One of the most frequent complaints about new applications is the learning curve, and MacPaw seems to have done a good job thinking this through. Open the Setapp application, and there’s ready access to help guides and tutorials as needed. This is appreciated and helps the user understand what they’re getting into, especially given the vast palette of applications that’s being offered for consideration.

Setapp

Foundry

If there’s a gaffe worthy of fixing in Setapp, it’s the fact that the application places the Setapp apps in the Setapp folder in your Applications folder, which initially threw me for a bit of a curveball. This makes logical sense, but still feels a bit odd on its own and comes across as a little unexpected.

Further clarification as to the Family tier subscription pricing and how many devices are supported via the license would also be appreciated, but this also might come down to specific user needs and adapted as necessary.

Setapp caught me off guard, but in the best way possible.

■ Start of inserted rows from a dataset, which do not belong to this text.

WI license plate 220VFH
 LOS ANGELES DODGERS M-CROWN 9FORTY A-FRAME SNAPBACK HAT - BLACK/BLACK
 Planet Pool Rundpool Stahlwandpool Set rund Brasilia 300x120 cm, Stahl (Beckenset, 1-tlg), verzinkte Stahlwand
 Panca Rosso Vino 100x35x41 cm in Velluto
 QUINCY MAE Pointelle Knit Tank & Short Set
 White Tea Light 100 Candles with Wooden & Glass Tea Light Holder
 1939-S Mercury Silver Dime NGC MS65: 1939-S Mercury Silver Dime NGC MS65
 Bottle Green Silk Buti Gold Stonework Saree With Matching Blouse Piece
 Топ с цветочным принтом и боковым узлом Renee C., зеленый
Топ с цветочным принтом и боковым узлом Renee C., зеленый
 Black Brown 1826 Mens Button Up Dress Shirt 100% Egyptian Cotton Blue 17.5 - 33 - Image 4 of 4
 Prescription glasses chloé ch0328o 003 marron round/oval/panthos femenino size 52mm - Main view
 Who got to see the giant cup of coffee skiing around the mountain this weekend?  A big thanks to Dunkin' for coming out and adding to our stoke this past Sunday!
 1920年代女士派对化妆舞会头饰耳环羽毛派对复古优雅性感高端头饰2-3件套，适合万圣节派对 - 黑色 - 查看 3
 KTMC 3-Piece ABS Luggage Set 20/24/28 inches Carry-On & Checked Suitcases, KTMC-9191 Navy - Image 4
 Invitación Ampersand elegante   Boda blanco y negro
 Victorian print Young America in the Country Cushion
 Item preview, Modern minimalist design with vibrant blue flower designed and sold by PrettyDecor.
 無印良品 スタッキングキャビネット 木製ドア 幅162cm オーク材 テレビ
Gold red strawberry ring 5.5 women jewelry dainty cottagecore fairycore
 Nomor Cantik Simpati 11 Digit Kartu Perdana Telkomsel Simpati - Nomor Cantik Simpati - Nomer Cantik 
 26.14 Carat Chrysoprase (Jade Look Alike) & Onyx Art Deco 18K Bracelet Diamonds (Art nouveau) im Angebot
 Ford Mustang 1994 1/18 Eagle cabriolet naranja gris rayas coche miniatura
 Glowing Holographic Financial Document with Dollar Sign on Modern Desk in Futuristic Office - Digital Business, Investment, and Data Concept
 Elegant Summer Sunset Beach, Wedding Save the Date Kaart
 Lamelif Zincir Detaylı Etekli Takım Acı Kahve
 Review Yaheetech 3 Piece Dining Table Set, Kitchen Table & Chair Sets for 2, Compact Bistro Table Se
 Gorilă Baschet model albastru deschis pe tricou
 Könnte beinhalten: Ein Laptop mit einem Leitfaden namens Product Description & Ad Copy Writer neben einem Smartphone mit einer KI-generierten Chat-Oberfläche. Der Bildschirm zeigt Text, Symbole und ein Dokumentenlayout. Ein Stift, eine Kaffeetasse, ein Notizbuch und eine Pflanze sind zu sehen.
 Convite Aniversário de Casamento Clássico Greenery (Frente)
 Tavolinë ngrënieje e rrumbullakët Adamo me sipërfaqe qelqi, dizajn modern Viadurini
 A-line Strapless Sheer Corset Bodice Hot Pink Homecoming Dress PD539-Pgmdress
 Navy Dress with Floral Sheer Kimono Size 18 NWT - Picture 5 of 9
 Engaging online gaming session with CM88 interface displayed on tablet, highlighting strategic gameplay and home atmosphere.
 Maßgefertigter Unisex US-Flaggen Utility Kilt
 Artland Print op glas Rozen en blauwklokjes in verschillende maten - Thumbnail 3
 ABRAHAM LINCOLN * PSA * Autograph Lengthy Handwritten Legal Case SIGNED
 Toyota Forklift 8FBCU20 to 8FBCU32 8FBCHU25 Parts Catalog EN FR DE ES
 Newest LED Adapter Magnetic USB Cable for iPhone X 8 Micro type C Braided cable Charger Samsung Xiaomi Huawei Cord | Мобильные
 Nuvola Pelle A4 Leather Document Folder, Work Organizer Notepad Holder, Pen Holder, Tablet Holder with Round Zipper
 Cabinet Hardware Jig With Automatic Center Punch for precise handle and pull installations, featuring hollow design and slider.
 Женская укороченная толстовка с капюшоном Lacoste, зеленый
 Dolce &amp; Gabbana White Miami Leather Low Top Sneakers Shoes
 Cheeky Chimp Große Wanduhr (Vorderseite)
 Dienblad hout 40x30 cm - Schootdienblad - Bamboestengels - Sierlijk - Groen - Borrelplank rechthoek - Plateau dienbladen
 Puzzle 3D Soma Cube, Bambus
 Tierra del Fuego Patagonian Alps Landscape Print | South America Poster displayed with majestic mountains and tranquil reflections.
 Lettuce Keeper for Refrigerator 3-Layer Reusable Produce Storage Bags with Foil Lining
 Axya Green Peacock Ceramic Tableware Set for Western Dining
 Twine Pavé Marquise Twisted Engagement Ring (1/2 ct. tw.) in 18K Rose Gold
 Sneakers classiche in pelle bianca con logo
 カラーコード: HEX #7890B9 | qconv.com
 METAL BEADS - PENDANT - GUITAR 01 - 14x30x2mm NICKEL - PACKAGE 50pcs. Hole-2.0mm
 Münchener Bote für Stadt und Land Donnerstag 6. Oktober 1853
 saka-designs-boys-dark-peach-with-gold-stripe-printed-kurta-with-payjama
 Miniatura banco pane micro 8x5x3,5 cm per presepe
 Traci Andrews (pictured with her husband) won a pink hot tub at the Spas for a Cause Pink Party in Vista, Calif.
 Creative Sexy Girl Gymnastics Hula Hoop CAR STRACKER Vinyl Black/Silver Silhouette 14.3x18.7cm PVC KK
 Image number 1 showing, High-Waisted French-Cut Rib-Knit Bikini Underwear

While I knew it was a subscription service and offered complimentary access to the CleanMyMac utility suite (which I’ve had both praise and criticism of over the years in that it works well, but seems to overextend the number of functions it wants to handle at times), the number and quality of the applications being offered as well as the organization impressed me. Communication with MacPaw proved speedy and responsive, and users have stated that the company offers about a week’s grace period if there are issues with billing before access to your Setapp apps is cut off.

Should you get SetApp?

MacPaw has created a viable contender to Apple’s App Store with Setapp. The apps themselves are nifty and worth playing with, the subscription terms are good, and moving beyond the historical gray market that some pop-up app stores have been over the years, there’s something excellent, well-curated, and viable here that’s worth looking into, even if only for the seven-day trial period.